The Personal Consumption Expenditures Index, which the central bank uses to define its 2 percent inflation goal, is still climbing rapidly on an overall basis. It rose 3.5 percent in August from the previous year, pushed up by higher gas prices, up slightly from 3.4 percent previously.
But after stripping out food and fuel costs, both of which are volatile, a “core” measure that Fed officials watch closely appeared much more benign. It picked up by 3.9 percent from a year earlier, down from 4.3 percent in July. Compared with the previous month, it climbed by 0.1 percent, a very muted pace.
It’s the latest encouraging sign for Fed policymakers, who have been raising interest rates since March 2022 in a campaign to slow the economy and cool price increases. While economic momentum has held up better than expected, a less ebullient housing market and a grinding return to normalcy in the car market have helped key prices — like automobile and rents — to fade. At the same time, supply chain disruptions that led to shortages and starkly pushed up prices starting in 2021 have gradually cleared up, allowing costs for many goods to stop rising or even come down slightly.
Given the progress, central bankers are now contemplating whether they need to raise interest rates further. They left them unchanged and in range of 5.25 to 5.5 percent at their meeting this month, while forecasting that they might make one more rate increase this year. At the same time, given how strong the economy remains, officials have signaled that they may need to leave interest rates set to a high level for longer to ensure that inflation returns to normal in a sustainable way.

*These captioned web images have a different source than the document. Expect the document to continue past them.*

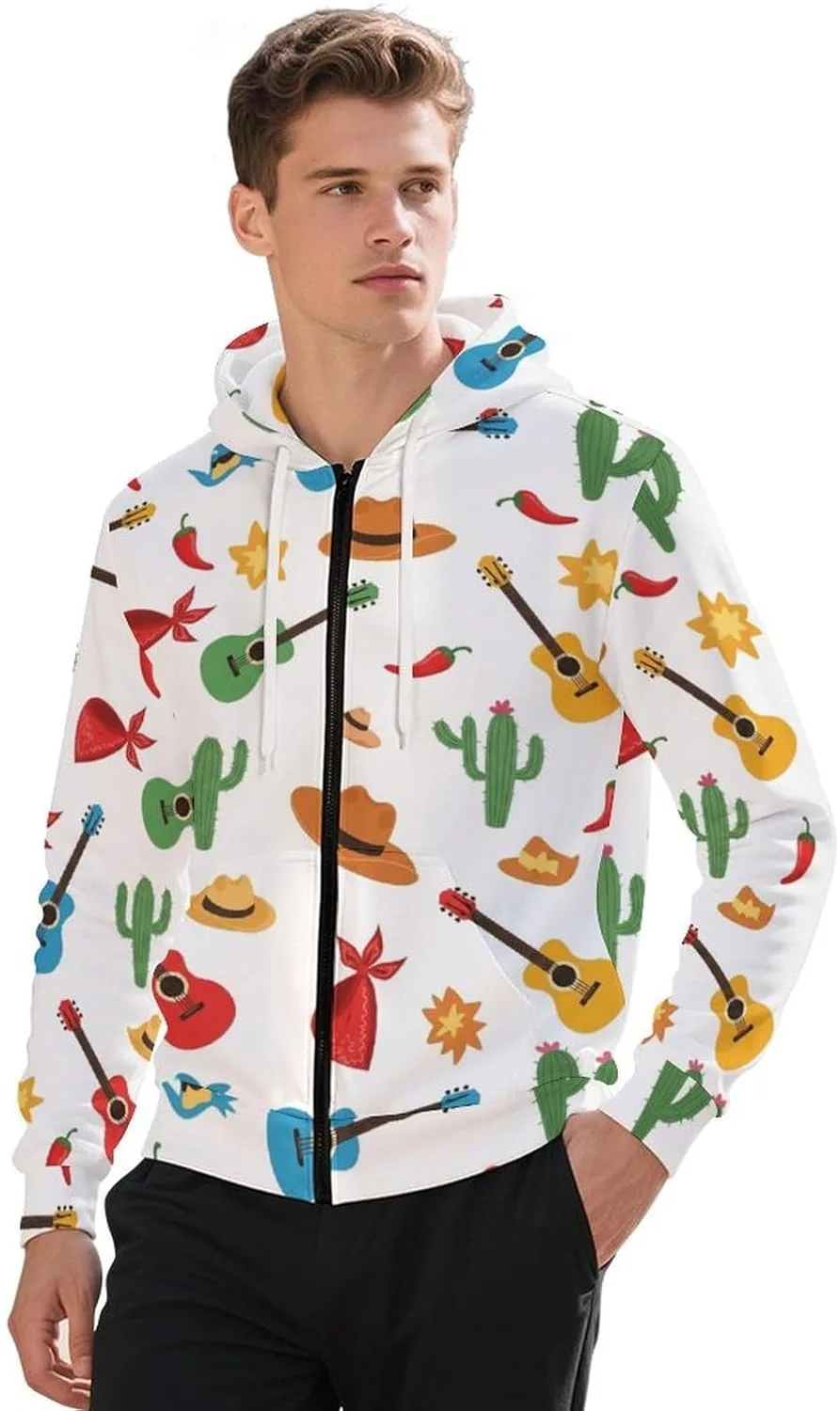 

Мужская толстовка с капюшоном Full Zip Up, полосками с тыквами и листьями, легкая, с карманом GemGam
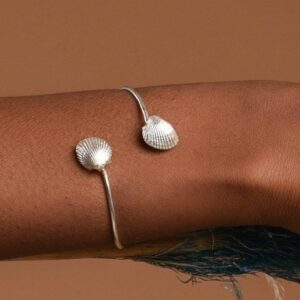 Sterling Silver Seashell Bracelet: Two Clam Charms, Adjustable Cuff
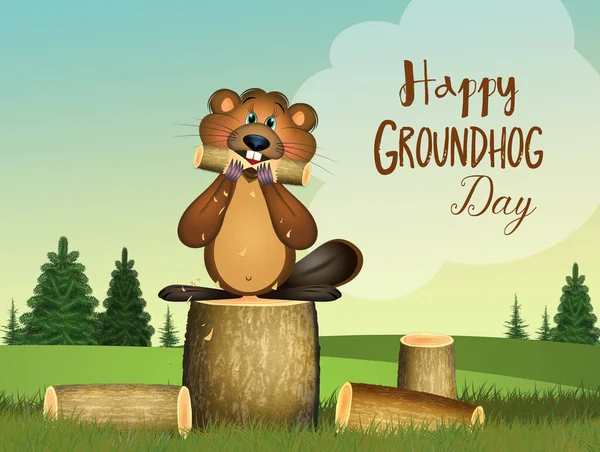 Ilustrasi Kartu Pos Untuk Hari Groundhog Stok Lukisan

“We’re taking advantage of the fact that we have moved quickly to move a little more carefully now,” Jerome H. Powell, the Fed’s chair, said during a news conference following the Fed’s meeting last week.
The question now is whether inflation can fade fully — getting back to something near the Fed’s 2 percent goal and staying there — without a bigger economic slowdown.
Multiple data points and anecdotes, from retail sales figures to some company earnings calls, have suggested that American consumers are managing to keep spending despite higher borrowing costs, which have made it more expensive to make big purchases on borrowed money.
Friday’s report also contained good news for the Fed when it comes to consumption: It suggested that while consumers are still hanging in there, they are not opening their wallets as enthusiastically as they had before. The report showed that personal consumption expenditures climbed 0.4 percent in August from a month before, a slowdown from July and softer than what economists had expected.
Spending eked out only a small, 0.1 percent increase after adjusting for inflation.
Historically, it has been difficult for the Fed to wrestle inflation lower without causing a big economic slowdown. Companies will generally raise prices if they can, so it requires slower demand to force them to stop. Fed policy is a blunt tool, so it is hard to calibrate it exactly.
But increasingly, central bankers have been signaling that they are hopeful they will be able to pull off a rare “soft landing,” cooling price increases without killing growth.
“At the end of the day, we will get inflation back to our target, whatever that takes,” Austan Goolsbee, the president of the Federal Reserve Bank of Chicago, said during a speech this week. “But we also can’t lose sight of the fact that the Fed has the chance to achieve something quite rare in the history of central banks: to defeat inflation without tanking the economy.”